Environmental Activist Bill McKibben: “This Is A Day Of Celebration”

Bill_McKibben_at_Stop_the_Keystone_XL_pipeline_rally
Climate activist Bill McKibben expressed jubilation and gratitude on Friday after President Barack Obama announced his decision to deny TransCanada’s Keystone XL pipeline application. McKibben, an environmental activist, who has accused President Obama of being unable to say no to the fossil fuel industry in the past, sounded a different tone on Friday.

In a press release from 350.org, McKibben praised the president’s decision effusively:

President Obama is the first world leader to reject a project because of its effect on the climate. That gives him new stature as an environmental leader, and it eloquently confirms the five years and millions of hours of work that people of every kind put into this fight. We’re still awfully sad about Keystone south and are well aware that the next president could undo all this, but this is a day of celebration.

Executive Director for 350.org, May Boeve stated:

This is a big win. President Obama’s decision to reject Keystone XL because of its impact on the climate is nothing short of historic — and sets an important precedent that should send shock waves through the fossil fuel industry.

Just a few years ago, insiders and experts wrote us off and assured the world Keystone XL would be built by the end of 2011. Together, ranchers, tribal nations, and everyday people beat this project back, reminding the world that Big Oil isn’t invincible–and that organized people can win over organized money.

Clearly activists must continue to apply pressure on political leaders to consider the impact of their policies on our environment, but the once seemingly improbable demise of the Keystone XL pipeline demonstrates that a focused and persistent movement can succeed even in the face of difficult odds. Barack Obama’s decision emboldens the forces that compelled him to act.

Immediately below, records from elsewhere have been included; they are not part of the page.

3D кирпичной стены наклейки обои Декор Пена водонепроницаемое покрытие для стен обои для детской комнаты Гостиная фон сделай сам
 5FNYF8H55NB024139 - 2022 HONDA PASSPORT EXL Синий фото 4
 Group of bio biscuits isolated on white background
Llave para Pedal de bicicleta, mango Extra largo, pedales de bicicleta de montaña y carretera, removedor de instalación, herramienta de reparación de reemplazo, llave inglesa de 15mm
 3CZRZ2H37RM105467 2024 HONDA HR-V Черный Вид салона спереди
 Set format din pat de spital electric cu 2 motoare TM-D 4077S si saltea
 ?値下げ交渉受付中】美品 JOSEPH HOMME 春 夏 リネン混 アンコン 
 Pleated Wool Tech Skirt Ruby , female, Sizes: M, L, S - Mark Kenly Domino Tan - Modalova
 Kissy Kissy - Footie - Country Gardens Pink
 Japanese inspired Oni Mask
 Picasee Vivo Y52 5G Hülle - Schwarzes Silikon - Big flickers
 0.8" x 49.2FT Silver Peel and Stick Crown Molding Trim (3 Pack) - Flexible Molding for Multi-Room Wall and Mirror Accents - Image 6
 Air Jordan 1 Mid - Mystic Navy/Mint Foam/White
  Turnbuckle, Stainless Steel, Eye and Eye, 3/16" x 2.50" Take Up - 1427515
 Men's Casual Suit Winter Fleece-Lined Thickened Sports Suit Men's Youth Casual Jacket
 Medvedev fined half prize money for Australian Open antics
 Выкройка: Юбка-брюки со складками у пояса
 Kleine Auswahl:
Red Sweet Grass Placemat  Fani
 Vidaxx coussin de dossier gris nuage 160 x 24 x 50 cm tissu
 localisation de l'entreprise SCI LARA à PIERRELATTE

While Obama has not always won McKibben’s praise, the president’s decision to nix the Keystone XL pipeline solidifies his legacy as a leader who responded to the concerns of the environmental movement and chose to act. The collapse of the Keystone XL pipeline project is a victory for not only those concerned about climate change, but also for anyone who values a people’s democracy over a government that serves only the interests of the corporate oligarchy. There is still much work to be done, but Bill McKibben is right — today should be a day of celebration.